## Test 3

In a database there are 3 tables: one with the orders made by customers, another with the items in each order, and a third with information about each customer. 

The relationships/information are defined as follows:

-The Orders table contains an order ID (orderId) and a customer ID (customerId)						
-The Items table contains the item ID (itemId) and the order ID (orderId). There's also a field with the item price (price).						
-The Customers table has the customer ID (customerId)						

## IN database_schema.sql have the queries to create and insert data in the database sqlite

#### execute
sqlite3 ecommerce.db < database_schema.sql

Please answer the following questions. For open-ended questions, feel free to use any language you're comfortable with (SQL Server, MySQL, etc.) or even Excel or pseudocode.						

In [8]:
import pandas as pd
import sqlite3
conn = sqlite3.connect('ecommerce.db')

In [35]:

print("\n1. What query would you use to find out how many customers purchased item ID ='3543'?")
df_1 = pd.read_sql("""
SELECT COUNT(DISTINCT C.customerId) 
FROM Items I 
INNER JOIN Orders O ON I.orderId = O.orderId 
INNER JOIN Customers C ON O.customerId = C.customerId 
WHERE I.itemId = '3543'
""", conn)
df_1


1. What query would you use to find out how many customers purchased item ID ='3543'?


Unnamed: 0,COUNT(DISTINCT C.customerId)
0,1


## OPTION C: 
Correct syntax, use DISTINCT TO DROP DUPLICATES


itemId ambiguity.
If itemId is unique (line ID), it can’t repeat across orders and there’s no link to a product catalog.
If itemId is a product ID, repetition is expected, but the model lacks a Products table and a line PK. but in the question you said The Items table contains the item ID (itemId) and the order ID (orderId). There's also a field with the item price (price).					

In [29]:

print("2. How do you obtain the following? Give the total price of the 5 orders with the highest total price.")
df_2 = pd.read_sql("""
SELECT SUM(I.price), O.orderId 
FROM Orders O 
INNER JOIN Items I ON I.orderId = O.orderId 
GROUP BY O.orderId 
ORDER BY SUM(I.price) DESC 
LIMIT 5;


""", conn)
df_2

2. How do you obtain the following? Give the total price of the 5 orders with the highest total price.

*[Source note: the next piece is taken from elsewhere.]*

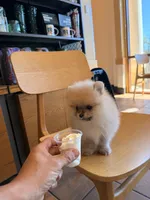 AKC boo teddy girl, a female Pomeranian for sale in Los Angeles, CA – Photo 6 of 6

Unnamed: 0,SUM(I.price),orderId
0,234.5,4
1,199.99,6
2,144.48,2
3,84.96,1
4,59.81,7


## OPTION D: 
Correct syntax
Group by order
Sort by sum of prices (more useful for analysis)
Display the 5 most expensive orders


In [32]:

print("3. Write a query that allows you to find the number of orders placed by customer ID = '3265' that contain item ID = '223'")
df_3 = pd.read_sql("""
SELECT COUNT(DISTINCT o.orderId) as number_of_orders
FROM Orders o
INNER JOIN Items i ON o.orderId = i.orderId
WHERE o.customerId = '3265' 
  AND i.itemId = '223';

""", conn)

df_3

3. Write a query that allows you to find the number of orders placed by customer ID = '3265' that contain item ID = '223'


Unnamed: 0,number_of_orders
0,1


In [33]:
print("4. To determine whether the presence of a particular item in an order (in this case, item ID = '113') increases the amount spent on that order, we want to check the average price of orders that contain item ID = '113' and those that don't. Write a query to find this information.")
df_3 = pd.read_sql("""
SELECT 
    AVG(CASE WHEN has_item_113 = 1 THEN total_amount END) as avg_with_item_113,
    AVG(CASE WHEN has_item_113 = 0 THEN total_amount END) as avg_without_item_113,
    COUNT(CASE WHEN has_item_113 = 1 THEN 1 END) as orders_with_item_113,
    COUNT(CASE WHEN has_item_113 = 0 THEN 1 END) as orders_without_item_113
FROM (
    SELECT 
        o.orderId,
        o.totalAmount as total_amount,
        CASE 
            WHEN EXISTS (
                SELECT 1 FROM Items i 
                WHERE i.orderId = o.orderId AND i.itemId = '113'
            ) THEN 1 
            ELSE 0 
        END as has_item_113
    FROM Orders o
) order_analysis;

""", conn)

df_3

4. To determine whether the presence of a particular item in an order (in this case, item ID = '113') increases the amount spent on that order, we want to check the average price of orders that contain item ID = '113' and those that don't. Write a query to find this information.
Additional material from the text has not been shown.